→ **Task statement**:
Leaving pictures aside, set down each line exactly, from the first line of the data to the line with "Playboy Pleasure TAP", both included.

→ **Source data**:

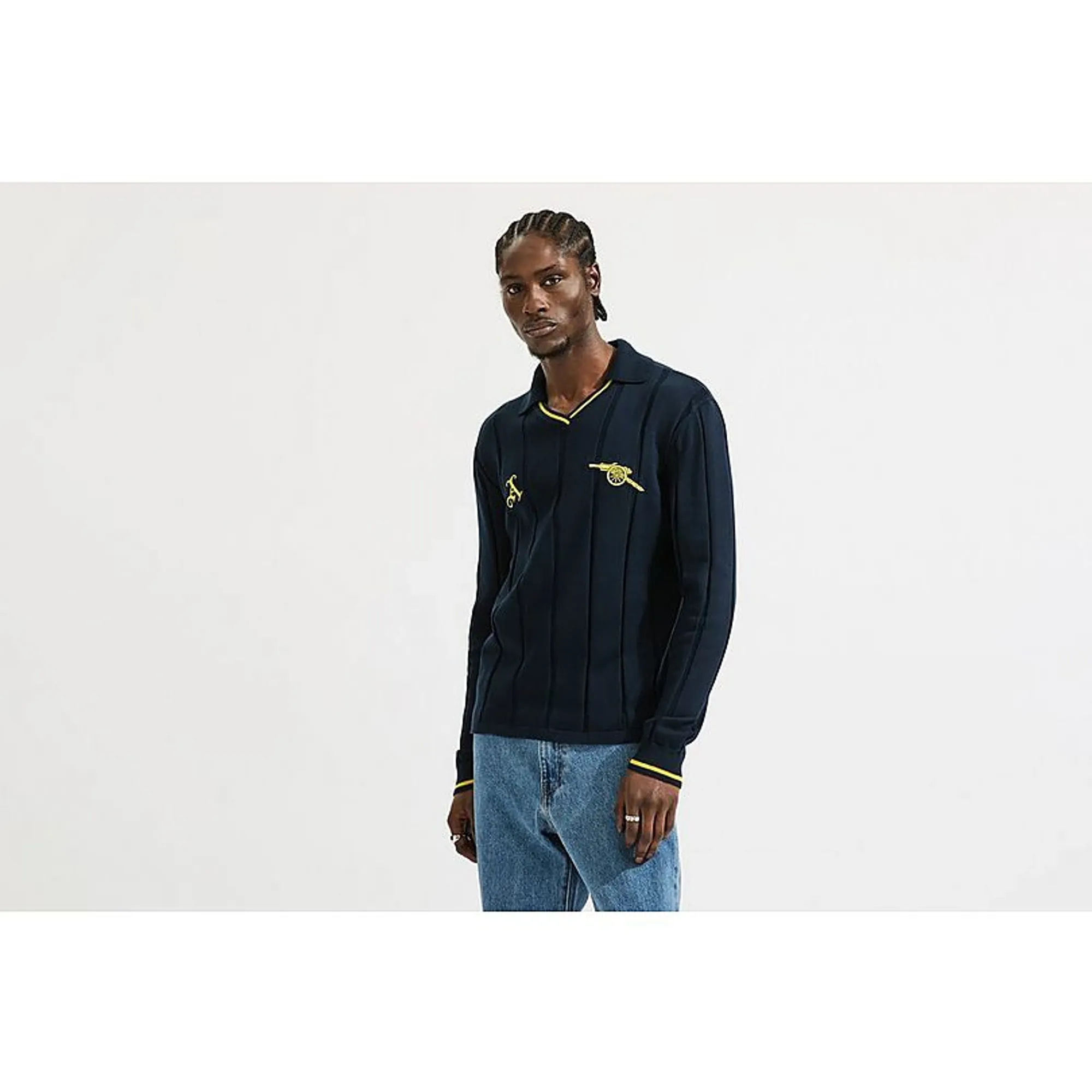 Arsenal Unisex Navy Knitted Polo Shirt, Multicolor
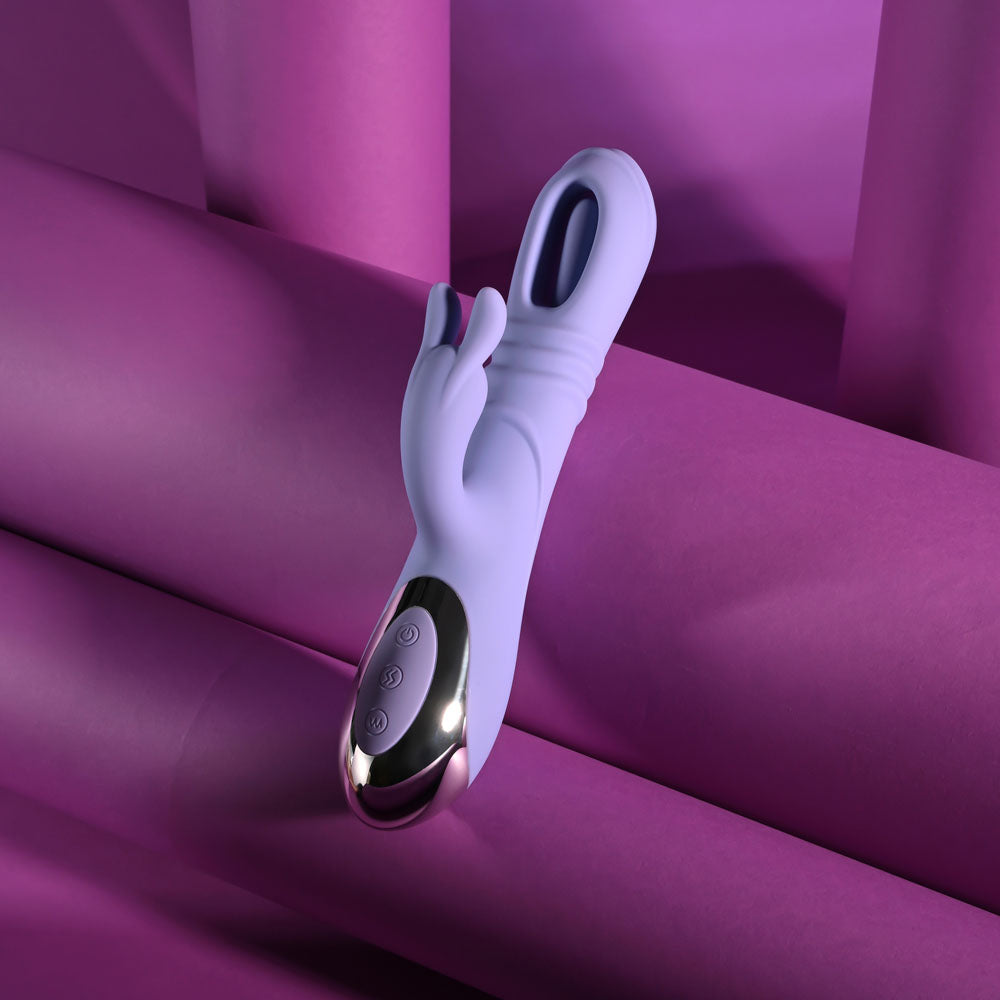 Playboy Pleasure TAP ME IN - Purple 24.2 cm USB Rechargeable Rabbit Vibrator with Tapping Shaft — view 7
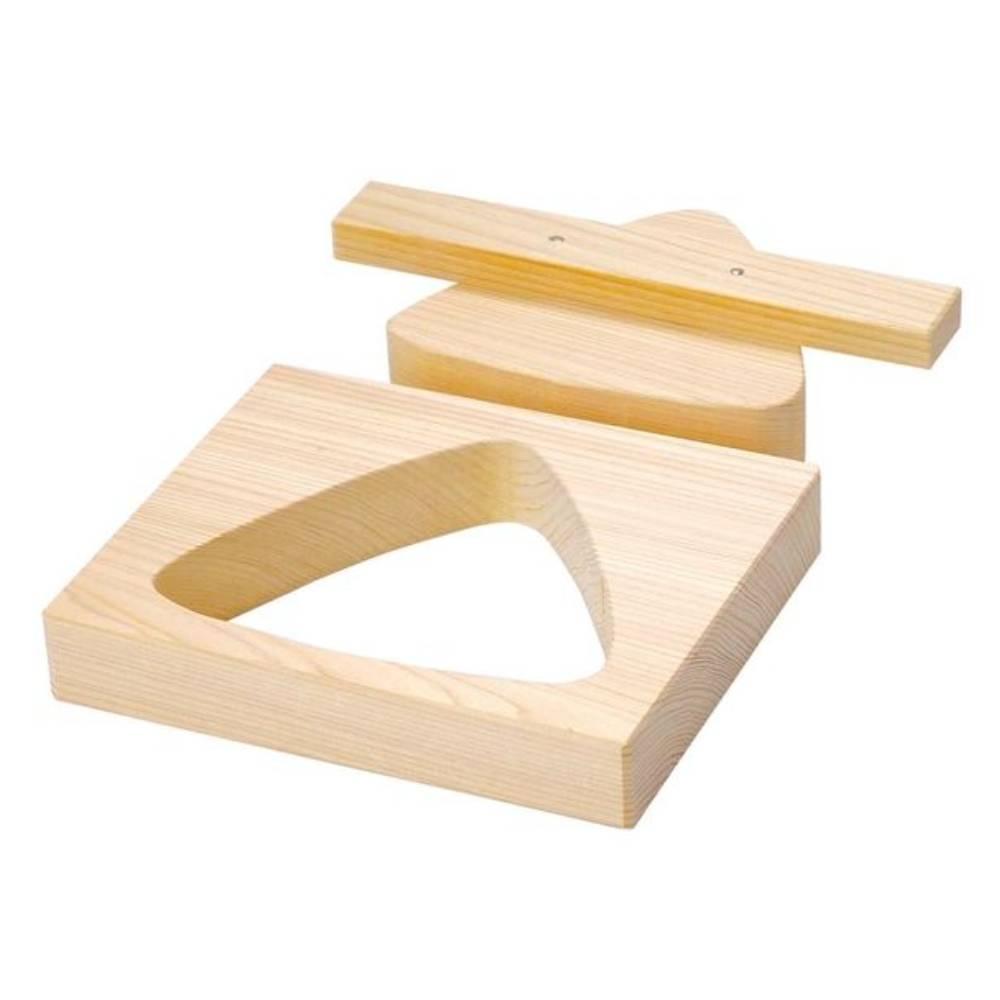 Yamaco Extra-Large 18.2cm Hinoki Wood Onigiri Mold showing the natural grain of the Japanese cypress and the two-piece press construction.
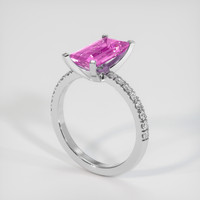 2.25 Ct. Pink Sapphire Ring, 10K White Gold 2
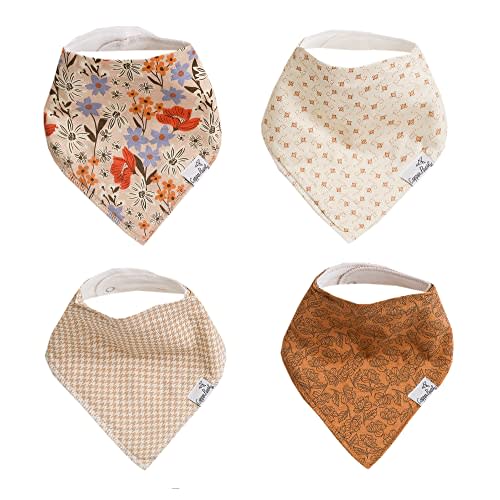 Copper Pearl Baby Bandana Bibs - 4 Pack Soft Cotton Baby Bibs for Drooling and Teething, Absorbent Drool Bibs for Baby Girl and Boy, Adjustable to Fit Newborns to Toddlers, Tons of Styles (Eden)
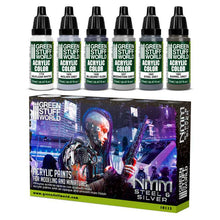 Load image into Gallery viewer, Green Stuff World Paint Set NMM Steel And Silver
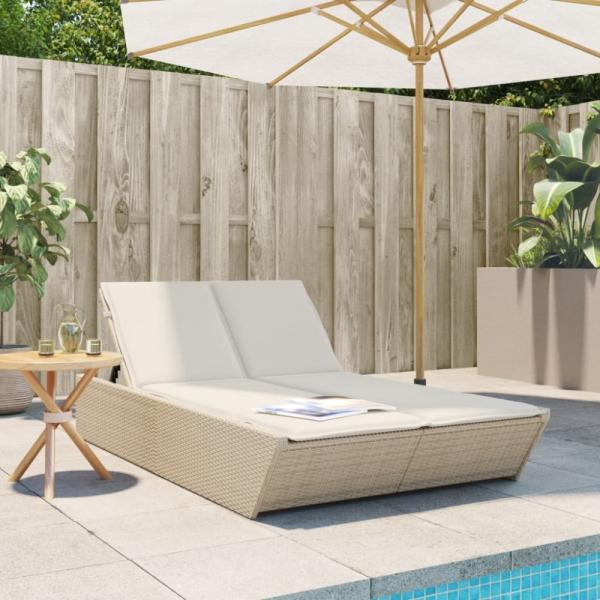 vidaXL Doppel-Sonnenliege mit Auflagen Beige Poly Rattan 368183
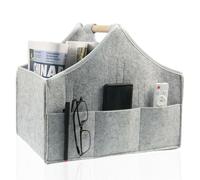 Porte-revues, rangement de journaux moderne, grand panier de journaux en feutre, séparateur amovible à 4 couches, manche en bois massif, 3 petites poches extérieures, convient pour ranger la maison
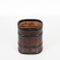 Mid-Century Italian Brown and Black Leather Decorative Basket, 1970s 5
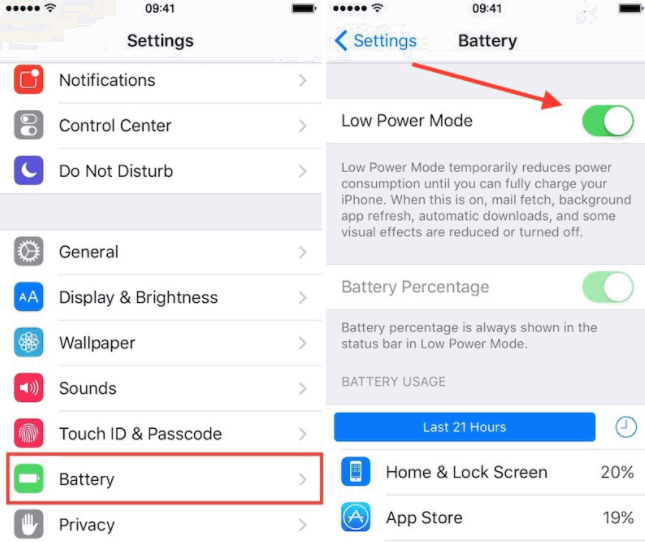 turn off low power mode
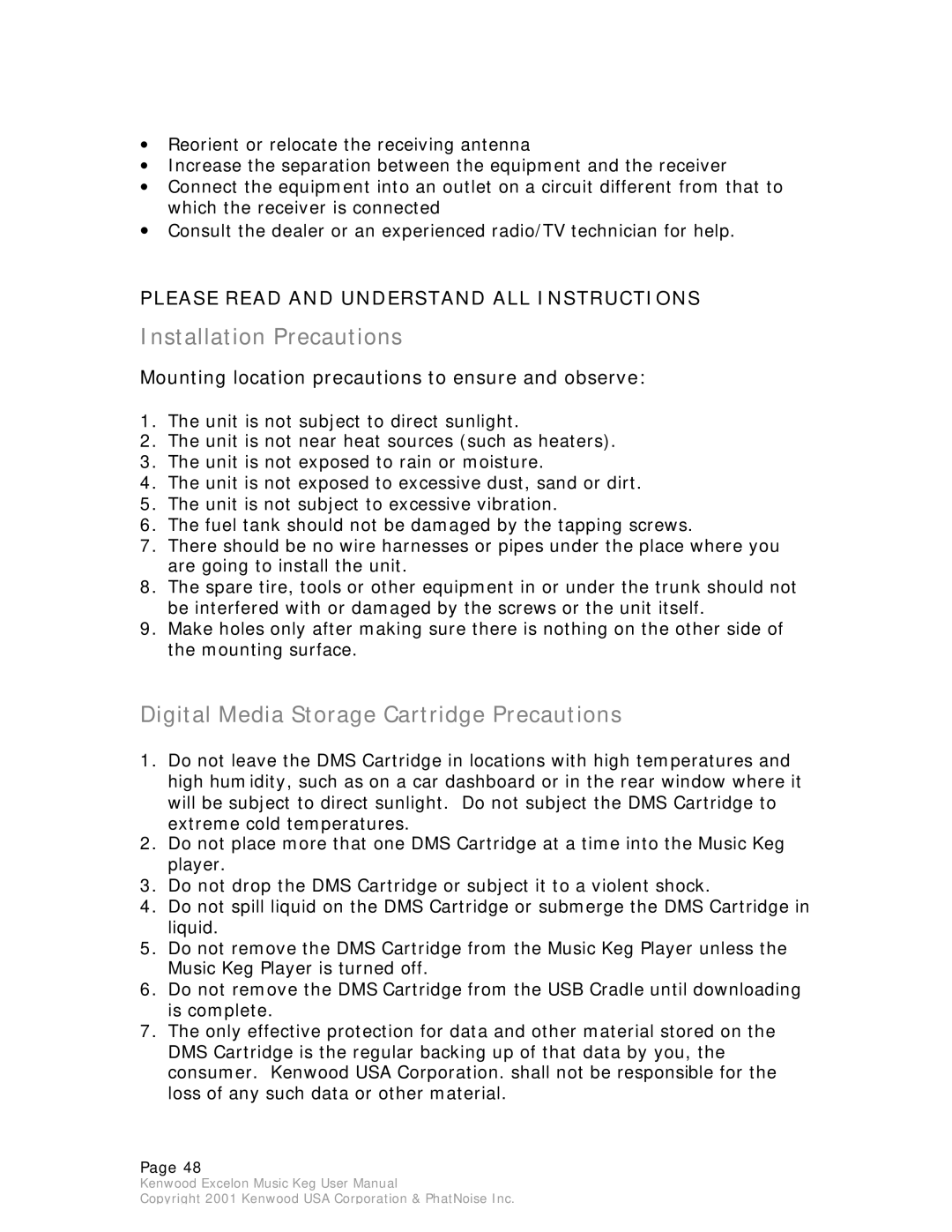 Kenwood Music Keg manual Installation Precautions, Digital Media Storage Cartridge Precautions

→ **Output of the exercise**:
 Arsenal Unisex Navy Knitted Polo Shirt, Multicolor
 Playboy Pleasure TAP ME IN - Purple 24.2 cm USB Rechargeable Rabbit Vibrator with Tapping Shaft — view 7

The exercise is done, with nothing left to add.